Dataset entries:

★ ★ ★ ★

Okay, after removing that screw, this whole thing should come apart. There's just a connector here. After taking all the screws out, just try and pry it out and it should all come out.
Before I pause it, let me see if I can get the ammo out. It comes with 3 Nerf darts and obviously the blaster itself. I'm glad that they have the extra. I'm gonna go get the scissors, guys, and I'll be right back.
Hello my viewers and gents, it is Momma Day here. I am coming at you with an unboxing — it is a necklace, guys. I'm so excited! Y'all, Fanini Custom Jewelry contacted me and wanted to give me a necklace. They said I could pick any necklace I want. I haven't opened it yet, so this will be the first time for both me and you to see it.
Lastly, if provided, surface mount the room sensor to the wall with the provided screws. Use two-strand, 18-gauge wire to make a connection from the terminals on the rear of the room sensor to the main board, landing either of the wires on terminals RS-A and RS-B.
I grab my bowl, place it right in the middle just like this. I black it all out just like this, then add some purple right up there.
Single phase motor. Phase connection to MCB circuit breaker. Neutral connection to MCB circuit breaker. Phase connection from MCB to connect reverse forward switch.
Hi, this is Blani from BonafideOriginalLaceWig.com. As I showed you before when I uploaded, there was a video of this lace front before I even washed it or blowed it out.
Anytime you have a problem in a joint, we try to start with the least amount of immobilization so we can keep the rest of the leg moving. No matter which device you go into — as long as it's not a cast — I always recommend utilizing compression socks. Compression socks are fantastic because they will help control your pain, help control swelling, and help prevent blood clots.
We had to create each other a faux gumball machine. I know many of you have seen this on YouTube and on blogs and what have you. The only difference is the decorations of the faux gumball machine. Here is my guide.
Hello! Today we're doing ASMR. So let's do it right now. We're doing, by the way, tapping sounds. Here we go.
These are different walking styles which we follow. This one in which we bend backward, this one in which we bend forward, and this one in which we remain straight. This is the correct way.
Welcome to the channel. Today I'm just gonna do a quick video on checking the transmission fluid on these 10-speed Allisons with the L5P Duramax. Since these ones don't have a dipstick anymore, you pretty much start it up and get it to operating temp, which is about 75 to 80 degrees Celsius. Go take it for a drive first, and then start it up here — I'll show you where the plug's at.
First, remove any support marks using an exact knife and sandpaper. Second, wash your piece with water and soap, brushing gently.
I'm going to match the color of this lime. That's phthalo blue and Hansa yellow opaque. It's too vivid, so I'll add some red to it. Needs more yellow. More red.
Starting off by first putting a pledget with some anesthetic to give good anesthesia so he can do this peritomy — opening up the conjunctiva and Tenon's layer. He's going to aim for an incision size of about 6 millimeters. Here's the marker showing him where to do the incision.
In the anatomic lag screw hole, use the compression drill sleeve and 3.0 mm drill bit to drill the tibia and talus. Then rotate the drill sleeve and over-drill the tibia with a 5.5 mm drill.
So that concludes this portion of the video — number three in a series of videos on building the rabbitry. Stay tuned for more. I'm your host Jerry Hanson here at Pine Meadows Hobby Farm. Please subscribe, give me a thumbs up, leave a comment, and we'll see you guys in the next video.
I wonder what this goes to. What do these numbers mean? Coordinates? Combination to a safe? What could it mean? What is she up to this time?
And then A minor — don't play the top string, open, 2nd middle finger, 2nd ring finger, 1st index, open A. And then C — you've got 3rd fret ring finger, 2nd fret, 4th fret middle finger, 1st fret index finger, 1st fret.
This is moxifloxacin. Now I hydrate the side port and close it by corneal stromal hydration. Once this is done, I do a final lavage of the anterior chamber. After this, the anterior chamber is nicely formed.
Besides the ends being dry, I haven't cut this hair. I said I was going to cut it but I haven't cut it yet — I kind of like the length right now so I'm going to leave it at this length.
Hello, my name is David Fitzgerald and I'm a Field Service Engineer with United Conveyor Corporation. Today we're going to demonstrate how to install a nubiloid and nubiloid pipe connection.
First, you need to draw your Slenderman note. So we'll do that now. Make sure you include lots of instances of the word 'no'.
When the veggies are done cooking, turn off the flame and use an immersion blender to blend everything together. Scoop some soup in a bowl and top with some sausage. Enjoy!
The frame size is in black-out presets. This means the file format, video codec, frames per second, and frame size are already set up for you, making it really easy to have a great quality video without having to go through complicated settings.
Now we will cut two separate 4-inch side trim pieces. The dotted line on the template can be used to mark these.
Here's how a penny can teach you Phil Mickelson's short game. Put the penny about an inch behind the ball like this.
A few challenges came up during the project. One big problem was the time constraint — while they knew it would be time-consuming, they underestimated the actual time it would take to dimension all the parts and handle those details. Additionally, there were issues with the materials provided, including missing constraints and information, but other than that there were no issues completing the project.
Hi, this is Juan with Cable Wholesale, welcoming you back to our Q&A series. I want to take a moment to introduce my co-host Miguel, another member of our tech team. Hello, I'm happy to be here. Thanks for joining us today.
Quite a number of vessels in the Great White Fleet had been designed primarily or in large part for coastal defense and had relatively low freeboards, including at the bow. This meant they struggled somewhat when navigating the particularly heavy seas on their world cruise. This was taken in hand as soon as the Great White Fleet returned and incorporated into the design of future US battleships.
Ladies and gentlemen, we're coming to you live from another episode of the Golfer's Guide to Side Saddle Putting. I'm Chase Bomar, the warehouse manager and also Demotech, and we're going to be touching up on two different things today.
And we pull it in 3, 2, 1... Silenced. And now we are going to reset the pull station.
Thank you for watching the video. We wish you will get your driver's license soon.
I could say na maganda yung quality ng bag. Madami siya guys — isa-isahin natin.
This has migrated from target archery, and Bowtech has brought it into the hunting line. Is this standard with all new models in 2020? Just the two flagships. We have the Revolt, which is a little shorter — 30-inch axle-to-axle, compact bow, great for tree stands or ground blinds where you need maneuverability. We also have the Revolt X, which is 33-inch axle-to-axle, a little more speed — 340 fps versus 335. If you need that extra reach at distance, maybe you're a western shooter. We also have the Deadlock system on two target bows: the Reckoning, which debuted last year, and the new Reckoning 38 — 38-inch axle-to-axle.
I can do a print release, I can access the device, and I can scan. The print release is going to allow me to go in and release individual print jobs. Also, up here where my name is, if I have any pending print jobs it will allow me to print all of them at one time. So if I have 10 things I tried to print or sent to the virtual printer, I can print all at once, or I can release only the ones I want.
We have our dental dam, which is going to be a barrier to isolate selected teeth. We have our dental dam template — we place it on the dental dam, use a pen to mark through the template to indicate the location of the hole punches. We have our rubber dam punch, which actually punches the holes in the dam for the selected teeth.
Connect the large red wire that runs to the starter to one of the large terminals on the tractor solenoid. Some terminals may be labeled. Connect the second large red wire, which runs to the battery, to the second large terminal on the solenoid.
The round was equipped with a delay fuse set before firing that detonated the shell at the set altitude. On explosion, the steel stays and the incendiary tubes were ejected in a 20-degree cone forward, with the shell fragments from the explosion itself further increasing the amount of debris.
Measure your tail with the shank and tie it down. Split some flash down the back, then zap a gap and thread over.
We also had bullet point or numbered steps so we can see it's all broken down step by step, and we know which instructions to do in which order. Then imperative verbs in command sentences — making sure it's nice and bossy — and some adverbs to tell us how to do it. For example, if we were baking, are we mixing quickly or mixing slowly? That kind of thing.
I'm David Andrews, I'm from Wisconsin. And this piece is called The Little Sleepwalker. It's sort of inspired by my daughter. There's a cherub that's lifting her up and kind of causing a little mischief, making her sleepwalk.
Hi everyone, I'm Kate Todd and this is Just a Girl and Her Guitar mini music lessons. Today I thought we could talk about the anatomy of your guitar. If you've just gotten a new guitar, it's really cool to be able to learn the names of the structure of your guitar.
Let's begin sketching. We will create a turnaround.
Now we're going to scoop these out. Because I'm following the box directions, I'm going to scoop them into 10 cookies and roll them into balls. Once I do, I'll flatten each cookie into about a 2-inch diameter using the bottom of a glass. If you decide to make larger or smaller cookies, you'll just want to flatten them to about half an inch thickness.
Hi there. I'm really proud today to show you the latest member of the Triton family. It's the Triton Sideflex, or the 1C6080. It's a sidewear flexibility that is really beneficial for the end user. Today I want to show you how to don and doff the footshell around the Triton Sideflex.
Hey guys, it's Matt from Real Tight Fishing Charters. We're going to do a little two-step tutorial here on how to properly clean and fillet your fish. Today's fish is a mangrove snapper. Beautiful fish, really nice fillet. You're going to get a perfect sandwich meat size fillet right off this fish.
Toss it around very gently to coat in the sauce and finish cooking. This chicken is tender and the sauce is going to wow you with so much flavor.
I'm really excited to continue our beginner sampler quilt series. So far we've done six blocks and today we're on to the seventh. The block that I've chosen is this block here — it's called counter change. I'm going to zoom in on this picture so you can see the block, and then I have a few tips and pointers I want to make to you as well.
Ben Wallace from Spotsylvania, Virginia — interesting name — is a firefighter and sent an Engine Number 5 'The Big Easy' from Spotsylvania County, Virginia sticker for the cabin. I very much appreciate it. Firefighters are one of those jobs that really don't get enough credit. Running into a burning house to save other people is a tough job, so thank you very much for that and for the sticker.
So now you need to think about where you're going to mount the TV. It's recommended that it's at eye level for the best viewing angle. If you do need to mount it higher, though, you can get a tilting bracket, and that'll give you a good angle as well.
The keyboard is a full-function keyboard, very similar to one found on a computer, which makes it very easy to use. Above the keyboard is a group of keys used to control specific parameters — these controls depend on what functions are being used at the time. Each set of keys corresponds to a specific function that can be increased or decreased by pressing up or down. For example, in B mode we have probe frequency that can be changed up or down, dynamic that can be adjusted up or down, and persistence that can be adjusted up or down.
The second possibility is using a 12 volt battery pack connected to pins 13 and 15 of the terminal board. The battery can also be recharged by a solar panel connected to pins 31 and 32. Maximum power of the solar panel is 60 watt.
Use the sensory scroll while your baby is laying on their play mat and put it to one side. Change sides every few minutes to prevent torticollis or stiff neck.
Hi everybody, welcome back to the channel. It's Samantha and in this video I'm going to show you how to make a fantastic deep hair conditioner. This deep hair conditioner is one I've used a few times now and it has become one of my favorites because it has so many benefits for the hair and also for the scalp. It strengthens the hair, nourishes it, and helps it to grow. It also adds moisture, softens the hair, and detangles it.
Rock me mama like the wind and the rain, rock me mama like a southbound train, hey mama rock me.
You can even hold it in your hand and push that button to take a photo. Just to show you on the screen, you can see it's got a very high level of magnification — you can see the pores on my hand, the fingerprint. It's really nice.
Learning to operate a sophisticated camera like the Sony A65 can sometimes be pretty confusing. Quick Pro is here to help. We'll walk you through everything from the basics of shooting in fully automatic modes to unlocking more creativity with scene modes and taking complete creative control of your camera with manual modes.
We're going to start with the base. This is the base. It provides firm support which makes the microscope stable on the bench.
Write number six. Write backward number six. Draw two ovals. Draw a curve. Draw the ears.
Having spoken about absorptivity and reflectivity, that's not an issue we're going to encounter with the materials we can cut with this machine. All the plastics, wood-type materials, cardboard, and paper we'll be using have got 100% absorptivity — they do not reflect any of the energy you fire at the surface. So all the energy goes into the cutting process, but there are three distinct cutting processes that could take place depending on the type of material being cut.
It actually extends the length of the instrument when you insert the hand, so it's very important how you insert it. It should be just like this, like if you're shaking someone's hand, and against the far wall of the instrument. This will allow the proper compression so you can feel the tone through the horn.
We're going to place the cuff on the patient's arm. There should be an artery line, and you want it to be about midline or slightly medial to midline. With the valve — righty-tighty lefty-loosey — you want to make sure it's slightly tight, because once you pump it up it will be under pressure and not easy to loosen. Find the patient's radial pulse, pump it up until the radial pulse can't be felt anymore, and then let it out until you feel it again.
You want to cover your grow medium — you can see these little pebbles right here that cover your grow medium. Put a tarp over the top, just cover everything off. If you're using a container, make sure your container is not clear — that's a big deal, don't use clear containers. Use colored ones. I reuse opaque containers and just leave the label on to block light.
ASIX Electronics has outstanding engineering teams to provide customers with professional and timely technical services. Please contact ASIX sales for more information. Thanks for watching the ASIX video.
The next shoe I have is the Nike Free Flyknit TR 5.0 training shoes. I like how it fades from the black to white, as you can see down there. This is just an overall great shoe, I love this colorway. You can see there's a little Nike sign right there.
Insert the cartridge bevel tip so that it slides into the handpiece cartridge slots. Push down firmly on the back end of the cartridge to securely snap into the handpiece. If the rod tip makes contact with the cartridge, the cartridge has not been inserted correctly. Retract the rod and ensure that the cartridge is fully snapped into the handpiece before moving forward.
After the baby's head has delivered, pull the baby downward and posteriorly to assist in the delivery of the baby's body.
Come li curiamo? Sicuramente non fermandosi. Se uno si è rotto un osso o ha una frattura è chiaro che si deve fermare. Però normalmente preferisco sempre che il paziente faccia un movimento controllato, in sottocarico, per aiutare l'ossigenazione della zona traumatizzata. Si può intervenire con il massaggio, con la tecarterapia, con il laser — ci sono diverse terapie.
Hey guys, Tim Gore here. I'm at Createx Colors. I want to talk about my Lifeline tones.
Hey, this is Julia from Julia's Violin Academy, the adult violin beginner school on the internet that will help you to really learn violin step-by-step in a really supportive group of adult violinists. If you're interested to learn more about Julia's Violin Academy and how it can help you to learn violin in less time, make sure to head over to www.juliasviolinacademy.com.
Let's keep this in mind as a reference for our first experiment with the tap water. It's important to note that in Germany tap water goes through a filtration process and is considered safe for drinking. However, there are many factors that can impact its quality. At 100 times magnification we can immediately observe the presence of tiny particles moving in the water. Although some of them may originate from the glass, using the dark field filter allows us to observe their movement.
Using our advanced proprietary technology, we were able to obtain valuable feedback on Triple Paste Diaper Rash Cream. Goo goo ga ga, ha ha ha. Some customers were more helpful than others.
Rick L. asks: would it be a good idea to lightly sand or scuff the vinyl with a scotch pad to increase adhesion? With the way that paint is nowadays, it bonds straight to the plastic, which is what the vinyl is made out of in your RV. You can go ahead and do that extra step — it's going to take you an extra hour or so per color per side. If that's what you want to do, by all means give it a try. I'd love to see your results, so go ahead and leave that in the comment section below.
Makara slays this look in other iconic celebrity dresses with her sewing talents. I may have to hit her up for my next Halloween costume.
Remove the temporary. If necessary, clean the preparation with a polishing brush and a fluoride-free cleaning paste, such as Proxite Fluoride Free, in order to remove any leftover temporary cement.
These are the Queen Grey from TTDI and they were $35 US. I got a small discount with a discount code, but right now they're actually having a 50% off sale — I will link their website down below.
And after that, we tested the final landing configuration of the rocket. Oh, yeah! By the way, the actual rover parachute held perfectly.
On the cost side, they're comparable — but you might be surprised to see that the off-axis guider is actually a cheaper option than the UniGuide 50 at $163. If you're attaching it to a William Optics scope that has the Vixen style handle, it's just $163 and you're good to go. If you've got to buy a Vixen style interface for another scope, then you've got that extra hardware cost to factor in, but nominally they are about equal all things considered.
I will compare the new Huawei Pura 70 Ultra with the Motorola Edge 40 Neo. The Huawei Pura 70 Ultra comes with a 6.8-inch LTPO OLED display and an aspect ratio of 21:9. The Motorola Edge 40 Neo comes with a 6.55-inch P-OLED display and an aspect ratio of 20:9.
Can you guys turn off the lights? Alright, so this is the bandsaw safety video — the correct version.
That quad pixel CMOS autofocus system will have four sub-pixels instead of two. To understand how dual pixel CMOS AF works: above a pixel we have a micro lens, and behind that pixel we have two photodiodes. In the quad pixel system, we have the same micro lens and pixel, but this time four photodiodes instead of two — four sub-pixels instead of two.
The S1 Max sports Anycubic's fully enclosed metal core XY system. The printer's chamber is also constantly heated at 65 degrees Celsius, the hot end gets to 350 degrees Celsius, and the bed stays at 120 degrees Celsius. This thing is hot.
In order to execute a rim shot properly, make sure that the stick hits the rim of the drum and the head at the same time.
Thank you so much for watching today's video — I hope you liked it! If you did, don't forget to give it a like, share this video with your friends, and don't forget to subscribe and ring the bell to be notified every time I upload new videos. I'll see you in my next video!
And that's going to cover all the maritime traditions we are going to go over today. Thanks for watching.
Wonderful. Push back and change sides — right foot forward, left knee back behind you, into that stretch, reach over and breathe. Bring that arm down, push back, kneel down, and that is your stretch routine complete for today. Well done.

★ ★ ★ ★

--- ACTIVITY ---
Given the records above, return exactly the lines starting at the line containing "These are different" and ending at the line containing "So that concludes", including both.

--- EXERCISE OUTPUT ---
These are different walking styles which we follow. This one in which we bend backward, this one in which we bend forward, and this one in which we remain straight. This is the correct way.
Welcome to the channel. Today I'm just gonna do a quick video on checking the transmission fluid on these 10-speed Allisons with the L5P Duramax. Since these ones don't have a dipstick anymore, you pretty much start it up and get it to operating temp, which is about 75 to 80 degrees Celsius. Go take it for a drive first, and then start it up here — I'll show you where the plug's at.
First, remove any support marks using an exact knife and sandpaper. Second, wash your piece with water and soap, brushing gently.
I'm going to match the color of this lime. That's phthalo blue and Hansa yellow opaque. It's too vivid, so I'll add some red to it. Needs more yellow. More red.
Starting off by first putting a pledget with some anesthetic to give good anesthesia so he can do this peritomy — opening up the conjunctiva and Tenon's layer. He's going to aim for an incision size of about 6 millimeters. Here's the marker showing him where to do the incision.
In the anatomic lag screw hole, use the compression drill sleeve and 3.0 mm drill bit to drill the tibia and talus. Then rotate the drill sleeve and over-drill the tibia with a 5.5 mm drill.
So that concludes this portion of the video — number three in a series of videos on building the rabbitry. Stay tuned for more. I'm your host Jerry Hanson here at Pine Meadows Hobby Farm. Please subscribe, give me a thumbs up, leave a comment, and we'll see you guys in the next video.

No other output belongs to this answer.